### TASK
The answer is the full listing below, copied exactly, with its pictures omitted.

### INPUT DATA
──────
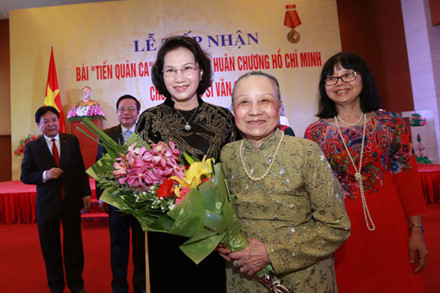 Bà Nguyễn Thị Kim Ngân – Ủy viên Bộ Chính trị, Chủ tịch Quốc hội chúc mừng vợ cố nhạc sĩ Văn Cao - bà Nghiêm Thúy Băng.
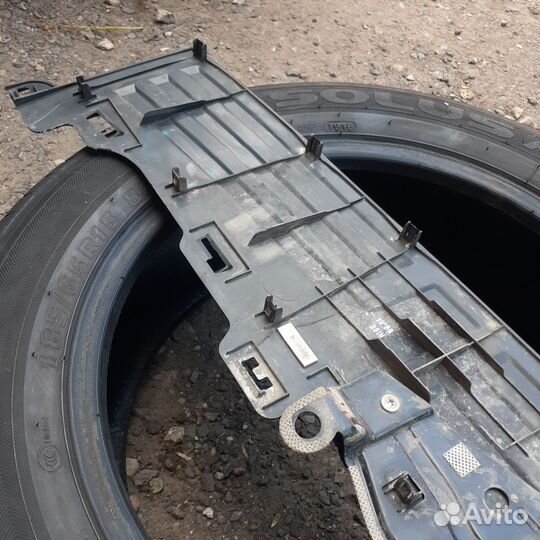 Накладка бампера Land Cruiser Prado 150 5216260090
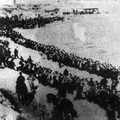 成千上萬的漢族人被驅趕到海邊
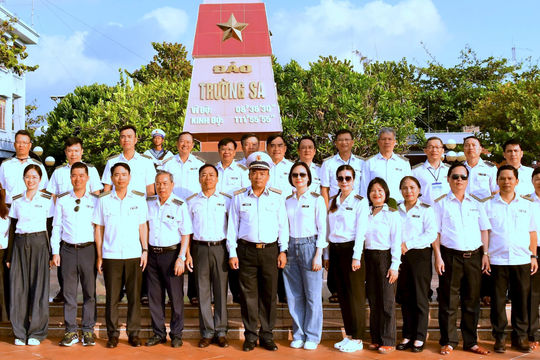 Hải trình đến Trường Sa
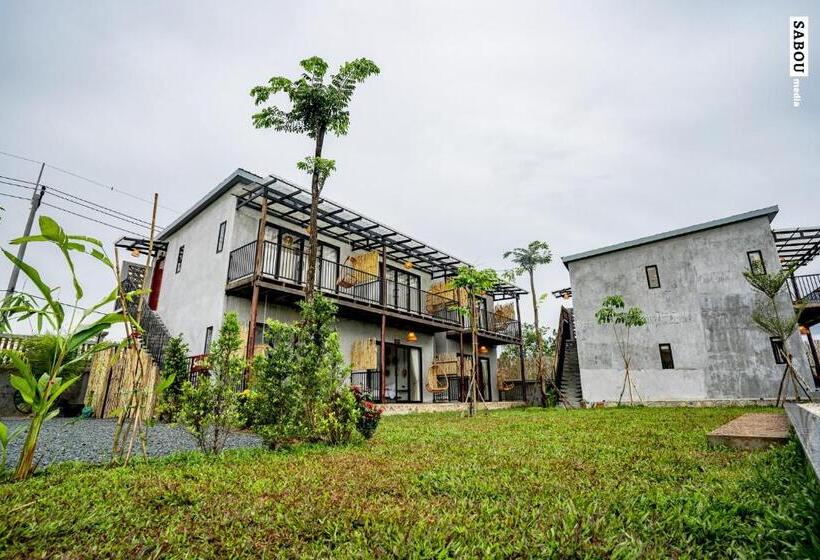 ホテル Santaniya Residence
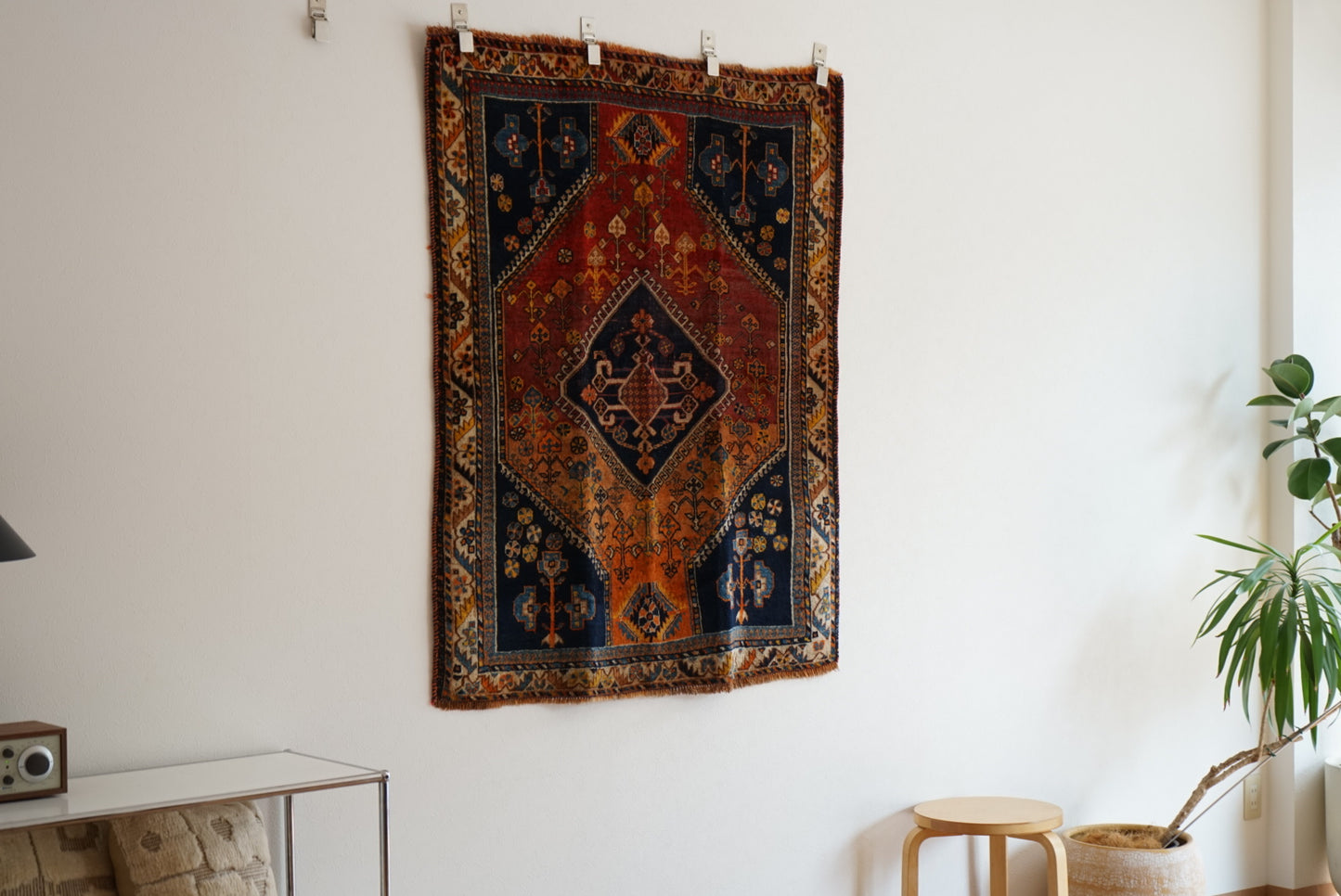 店頭販売 IRAN ANTIQUE QASHQAI BOLVALDI 1860年代 136 × 108 cm / 4'4" × 3'5" ft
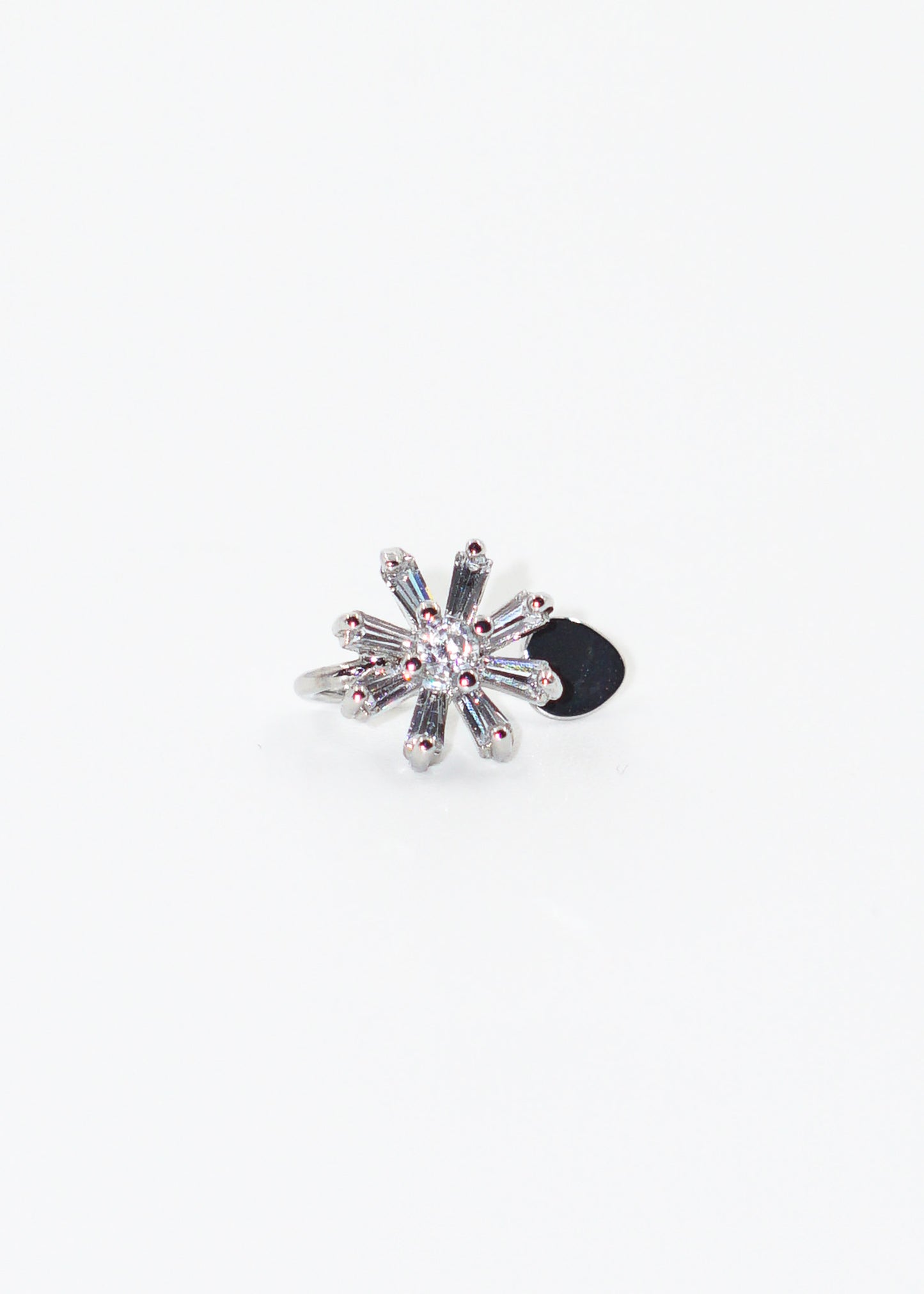 Ear cuff flor plateado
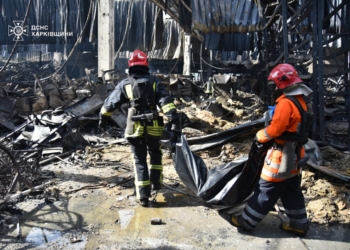 Кількість загиблих внаслідок вчорашньої ракетної атаки по гіпермаркету в Харкові збільшилась до 16 (ФОТО)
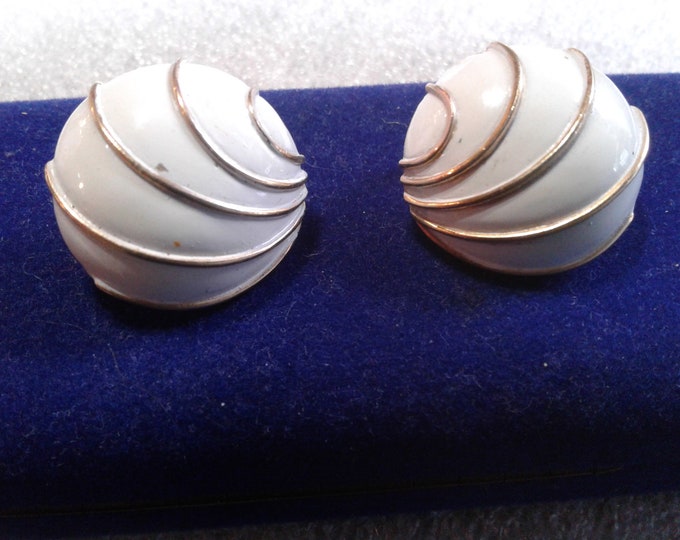 Crown Trifari White and Goldtone Ribbed Swirl Design Clip On Button Earrings, Signed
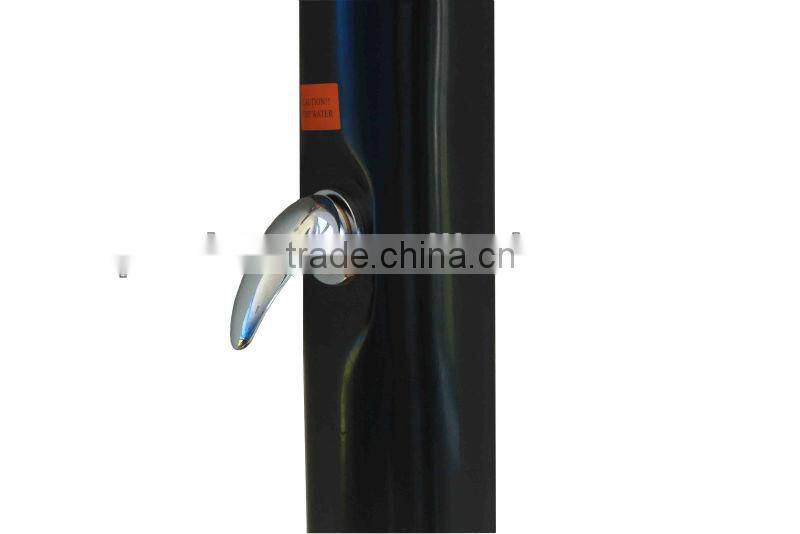 Outdoor Pool Shower Curved Swimming Pool Solar Shower (P2602)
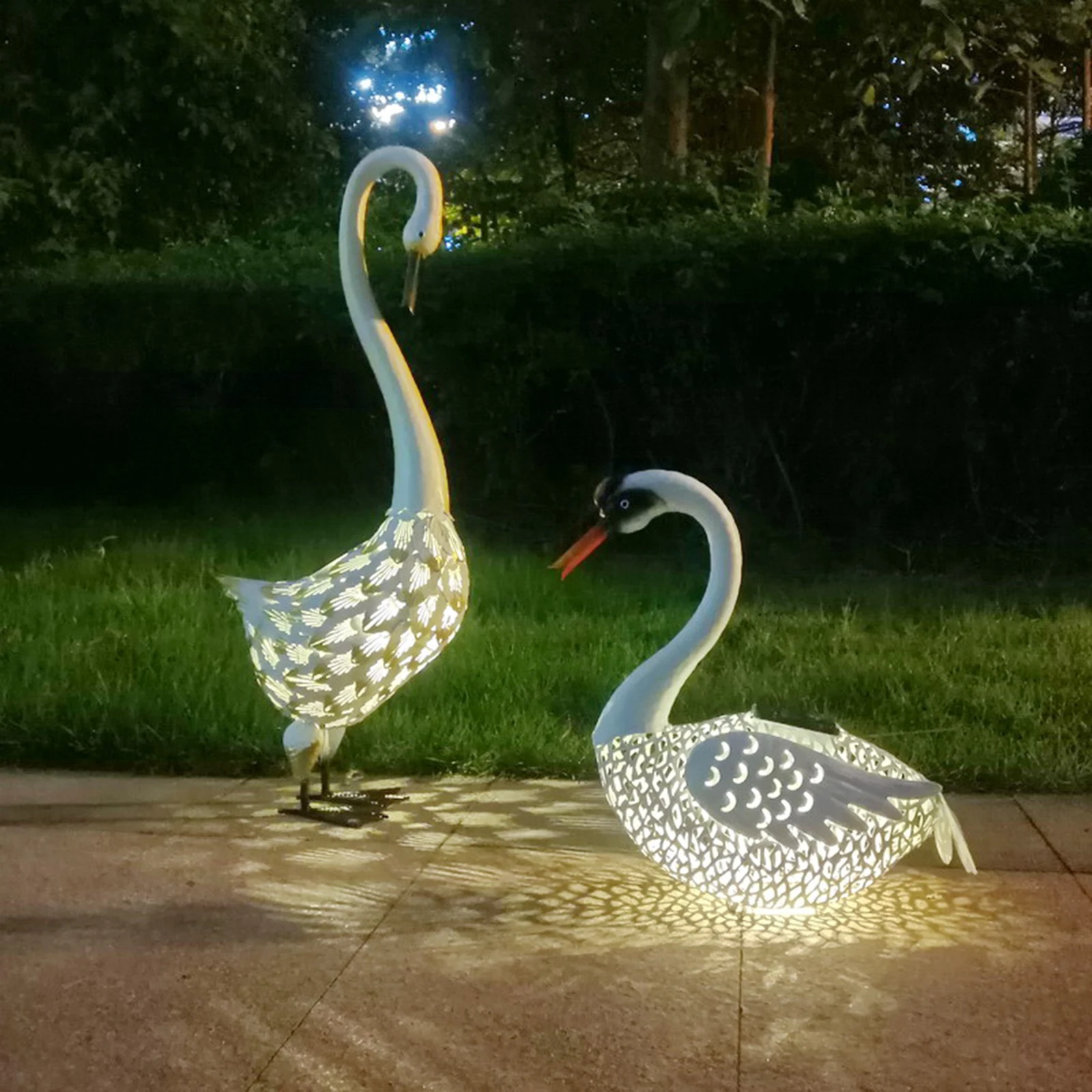 Solar Lights Handcrafted Peacock Statues Garden Home Decoration Outdoor Lamp Hollow Figurine Path Lawn Metal Sculpture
──────
### OUTPUT OF THE EXERCISE
 Bà Nguyễn Thị Kim Ngân – Ủy viên Bộ Chính trị, Chủ tịch Quốc hội chúc mừng vợ cố nhạc sĩ Văn Cao - bà Nghiêm Thúy Băng.
 Накладка бампера Land Cruiser Prado 150 5216260090
 成千上萬的漢族人被驅趕到海邊
 Hải trình đến Trường Sa
 ホテル Santaniya Residence
 店頭販売 IRAN ANTIQUE QASHQAI BOLVALDI 1860年代 136 × 108 cm / 4'4" × 3'5" ft
 Ear cuff flor plateado
 Кількість загиблих внаслідок вчорашньої ракетної атаки по гіпермаркету в Харкові збільшилась до 16 (ФОТО)
 Crown Trifari White and Goldtone Ribbed Swirl Design Clip On Button Earrings, Signed
 Outdoor Pool Shower Curved Swimming Pool Solar Shower (P2602)
 Solar Lights Handcrafted Peacock Statues Garden Home Decoration Outdoor Lamp Hollow Figurine Path Lawn Metal Sculpture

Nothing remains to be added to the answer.